En la plaza del Quirinal, en Roma, hay un punto que conocían los iniciados hasta el siglo XIX,
y desde el cual, con luna llena, se ven moverse lentamente las estatuas de los
Dióscuros que luchan con sus caballos encabritados.
(Julio Cortázar. Instrucciones-ejemplo sobre la forma de tener miedo)
y desde el cual, con luna llena, se ven moverse lentamente las estatuas de los
Dióscuros que luchan con sus caballos encabritados.
(Julio Cortázar. Instrucciones-ejemplo sobre la forma de tener miedo)
Los Pegasos de bronce de Agustín Querol fueron originalmente pensados para rematar el cubo de la sala principal en el Palacio de Bellas Artes.
Son cuatro y vuelan por separado en la explanada del emblemático edificio capitalino. A pesar de su dramatismo y de la reedición light de las criaturas mágicas, pertenecen a ese tipo de monumentos que se miran sin ver, extranjeros del asombro aborigen y si acaso objetivo de cámaras extranjeras.
El escultor catalán al que Adamo Boari encomendó la factura de los Pegasos tuvo mucho éxito en sus días. Tanto que se llegó a sospechar que era un fiasco y que el primer engañado fue él mismo. Protegé de Cánovas del Castillo, se dice que fue, y también un gran acaparador de contratos. Toda España quedó sembrada con los monumentos salidos de su taller.

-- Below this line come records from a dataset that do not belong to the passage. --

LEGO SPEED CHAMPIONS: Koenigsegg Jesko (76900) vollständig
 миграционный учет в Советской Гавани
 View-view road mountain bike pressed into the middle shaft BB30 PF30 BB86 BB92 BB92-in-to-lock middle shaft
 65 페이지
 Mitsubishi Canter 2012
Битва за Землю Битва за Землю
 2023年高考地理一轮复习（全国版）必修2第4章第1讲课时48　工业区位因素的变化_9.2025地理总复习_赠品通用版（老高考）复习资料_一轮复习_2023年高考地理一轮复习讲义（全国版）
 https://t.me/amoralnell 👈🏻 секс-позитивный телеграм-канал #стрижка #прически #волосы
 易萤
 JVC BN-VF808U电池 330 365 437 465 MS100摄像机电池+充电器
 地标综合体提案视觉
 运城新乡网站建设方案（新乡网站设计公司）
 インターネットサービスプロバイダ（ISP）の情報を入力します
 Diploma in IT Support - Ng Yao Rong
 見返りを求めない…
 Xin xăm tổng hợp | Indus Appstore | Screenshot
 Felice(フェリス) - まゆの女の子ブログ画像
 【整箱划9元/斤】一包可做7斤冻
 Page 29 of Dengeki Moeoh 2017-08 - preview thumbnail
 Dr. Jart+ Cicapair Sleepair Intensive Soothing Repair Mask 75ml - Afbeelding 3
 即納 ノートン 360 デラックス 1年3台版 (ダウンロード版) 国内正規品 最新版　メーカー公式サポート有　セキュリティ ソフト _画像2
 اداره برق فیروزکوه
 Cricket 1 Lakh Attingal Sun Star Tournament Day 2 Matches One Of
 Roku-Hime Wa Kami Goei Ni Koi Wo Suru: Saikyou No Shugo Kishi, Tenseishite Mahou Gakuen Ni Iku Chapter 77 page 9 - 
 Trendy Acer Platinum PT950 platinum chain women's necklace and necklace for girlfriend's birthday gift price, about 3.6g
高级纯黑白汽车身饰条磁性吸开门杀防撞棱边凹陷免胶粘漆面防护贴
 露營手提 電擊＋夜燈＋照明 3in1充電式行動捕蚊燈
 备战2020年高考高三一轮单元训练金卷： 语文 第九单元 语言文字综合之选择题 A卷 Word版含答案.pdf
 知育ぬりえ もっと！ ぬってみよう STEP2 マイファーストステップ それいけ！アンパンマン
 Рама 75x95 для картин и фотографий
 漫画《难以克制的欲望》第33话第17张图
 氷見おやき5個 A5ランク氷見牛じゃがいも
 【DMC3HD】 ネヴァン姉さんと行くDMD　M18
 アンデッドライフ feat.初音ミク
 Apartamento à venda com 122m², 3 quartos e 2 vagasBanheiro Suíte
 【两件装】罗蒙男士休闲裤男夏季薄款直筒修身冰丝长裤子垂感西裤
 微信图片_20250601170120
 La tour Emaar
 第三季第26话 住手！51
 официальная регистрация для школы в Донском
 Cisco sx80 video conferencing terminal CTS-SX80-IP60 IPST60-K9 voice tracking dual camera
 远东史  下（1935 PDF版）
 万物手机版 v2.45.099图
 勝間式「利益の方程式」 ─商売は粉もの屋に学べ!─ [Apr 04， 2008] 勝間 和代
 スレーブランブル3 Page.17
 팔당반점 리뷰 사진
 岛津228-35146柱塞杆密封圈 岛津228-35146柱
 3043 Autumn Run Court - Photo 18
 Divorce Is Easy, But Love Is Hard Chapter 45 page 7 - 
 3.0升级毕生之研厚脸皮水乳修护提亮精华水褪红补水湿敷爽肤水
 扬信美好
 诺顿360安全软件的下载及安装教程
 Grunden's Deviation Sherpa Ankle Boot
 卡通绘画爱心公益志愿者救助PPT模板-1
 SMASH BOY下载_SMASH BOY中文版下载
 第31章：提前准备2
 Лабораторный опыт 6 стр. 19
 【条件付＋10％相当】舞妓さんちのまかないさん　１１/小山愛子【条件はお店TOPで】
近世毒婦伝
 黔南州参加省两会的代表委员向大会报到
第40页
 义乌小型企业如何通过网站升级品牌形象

Sus "abigarradas y dramáticas" esculturas (adjetivos según sus críticos) se conservan en La Habana, Buenos Aires y Manila.
En México tenemos los Pegasos y los Pegasos nos tienen a nosotros pues nos miran desde lo alto.
Y de noche, como diría Cortázar de las estatuas de los Dióscuros, los Pegasos se animan y en algún lugar Agustín Querol se ríe de los adjetivos y de sus adjetivadores, una mano en la barba florida de su eternidad.